There are two basic parent-tested tactics kids use to convey apathy. Each sends a surge of frustration up parents’ spines. Some kids will proclaim loud and clear, “I don’t care”; for example, upon hearing that their phone privileges are disconnected until they pay off a phone bill listing 2,724 call-in votes (at 50 cents apiece) naming their favorite green-haired rock star. Other kids elevate feigned indifference to its purest form. Barely giving you a listless shoulder shrug or mouth twist, Joy wants you to know she doesn’t even care enough to tell you she doesn’t care.
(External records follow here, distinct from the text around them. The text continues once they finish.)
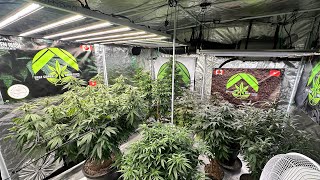 2024 First Update, Green Rush Nutrients 🏔️ Kryptonite Soil, 50 MadMacLyn Pheno Hunt, All Mesh Bags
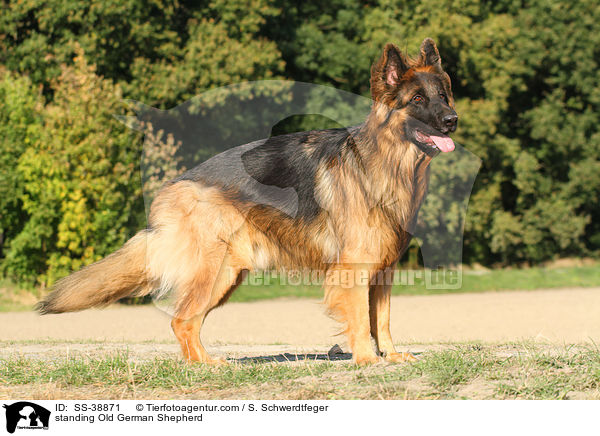 standing Old German Shepherd / SS-38871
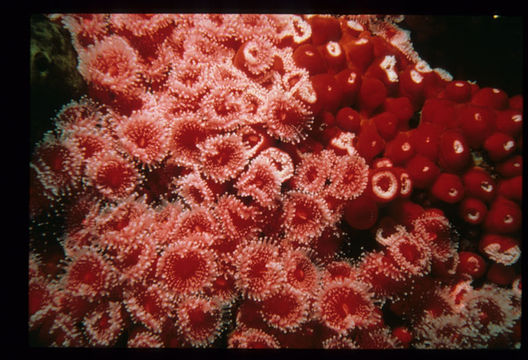 Image of Strawberry anemones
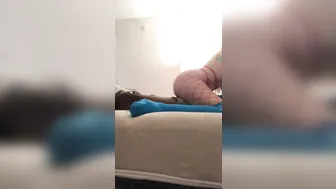 melodyparker69 05.09.2018 ride it better than a tesla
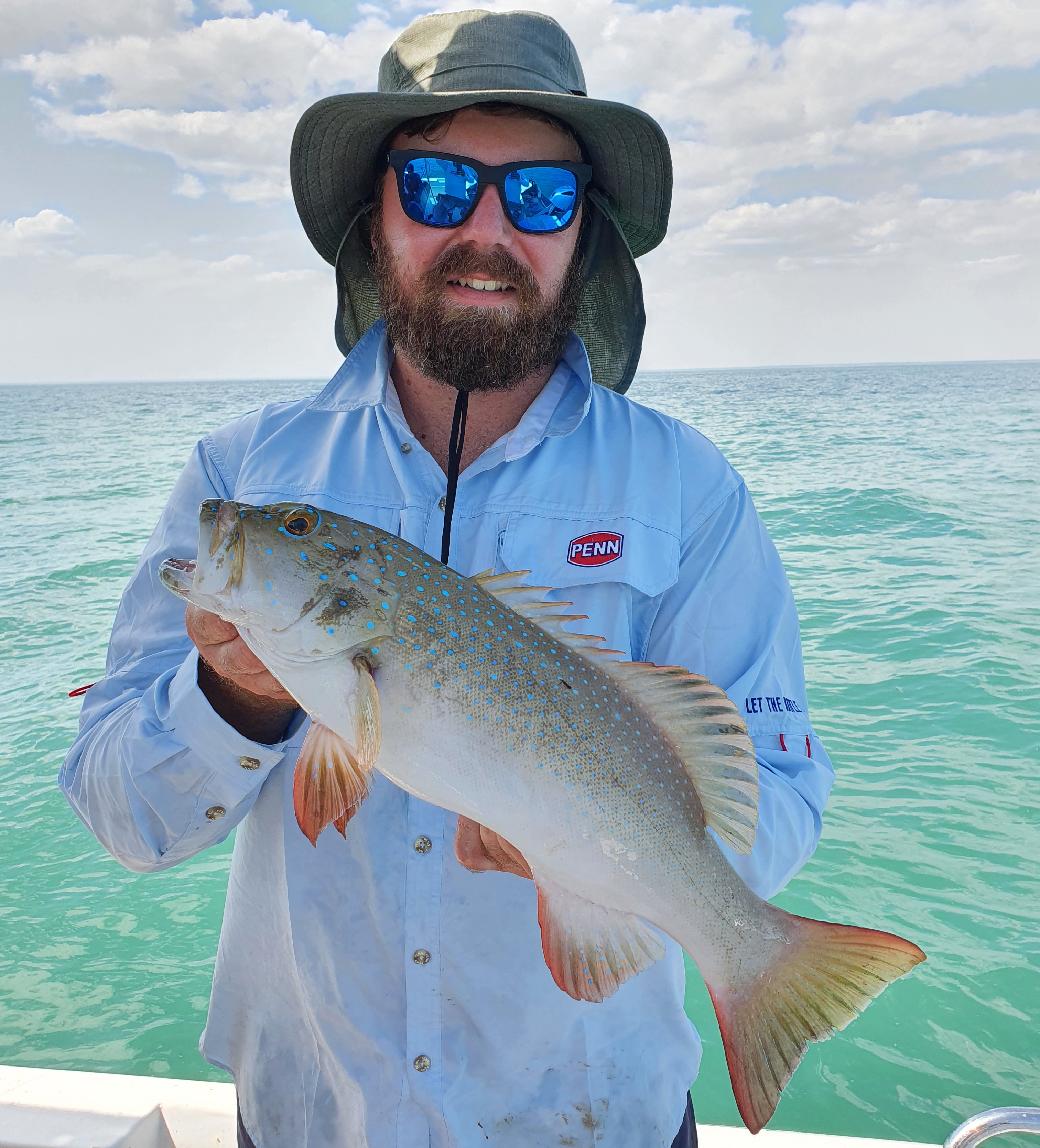 Drew's Coral Trout Drew's Coral Trout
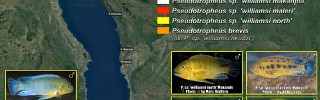 Pseudotropheus williamsi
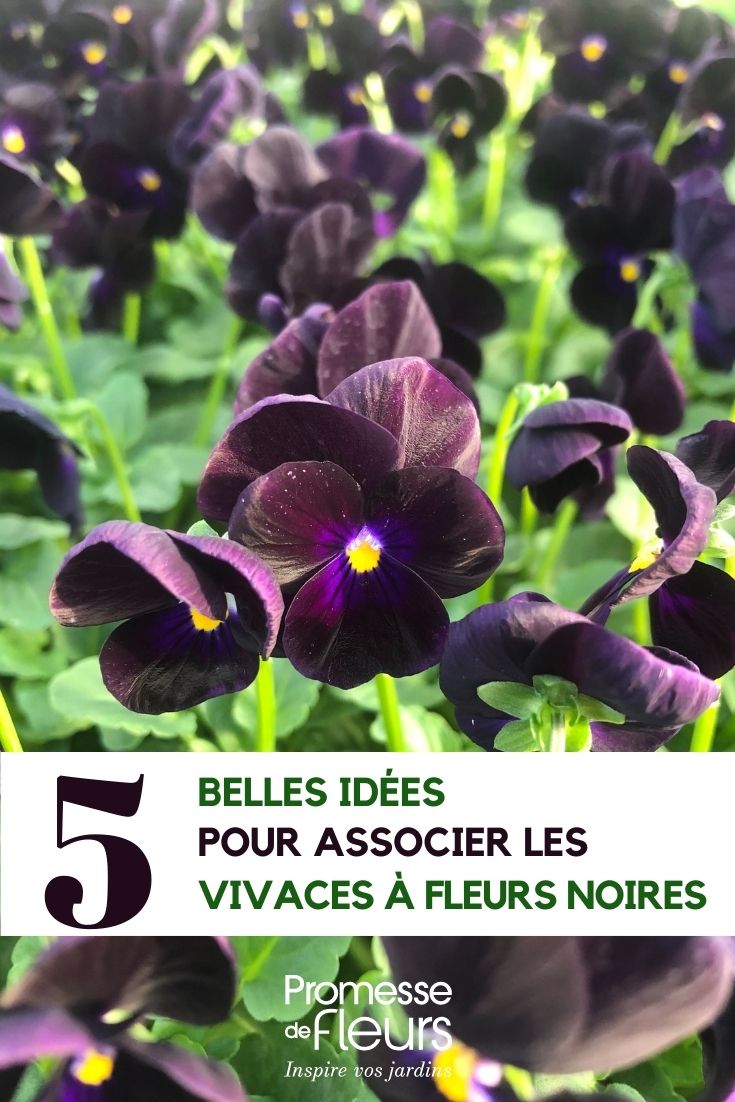 Viola-Sorbet-Black-Delight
Most, if not all, I don’t care messages are facade. If Nielson truly didn’t mind losing TV until his room is clean enough to find the window, why would he spend time watching TV in the first place? If Penny genuinely wasn’t bothered about paying you 25 cents for drying the dishes she “forgot” about, she’d walk up and hand you a quarter every so often, just out of gratitude that you’re her mother.
Kids care about discipline. They just don’t want you to think they do, for two reasons. One, if you think that your 25-cent penalty affected Penny, you just might try this fine approach more often in the future, and she certainly wouldn’t want that. In any given year, she’d need to win the state lottery to pay you off. And two, Penny knows you’re upset over her apathy, so at least she salvages something for her quarter.
On occasion, kids genuinely don’t care about what you did. Carlisle’s thinking, “So what if I can’t have the car for a week. I don’t need it.” But on his third carless day, Carlisle gets a call from Carla, who says, “I have three free tickets to the Strawberry Asphalt concert, including a complimentary meal and autograph session with the band. Can you drive?” It took a few days, but Carlisle did find out that seemingly carefree consequences can lead to complications.
Too, always remember this discipline maxim: Your purpose is not solely to make kids care about your discipline. Your purpose is to place what you (or they) think is a fair consequence for their actions and then stick with it. Your goal is to teach Carlisle something about life, that is, that people are held accountable for their behavior, whether they care or not.
So what can you say or do in the face of apathy? Try meeting apathy with apathy. Don’t say or do anything. Your calm will convey quite nicely that it doesn’t matter to you that it doesn’t matter to Joy. If you bounce all over looking for consequences that do seem to matter to her, you’ll search endlessly, because Joy will most likely convey the same reaction regardless of what you try. Kids stick with tactics that work on parents.
If you must say something or you’ll just burst, try “I’m glad you’re taking this so calmly.” That usually takes the fire right out of apathy.
Apathy may be nerve-wracking, but it’s simpler to handle than an argument or outright resistance. Kids who don’t care do care, especially if we don’t care that they don’t care.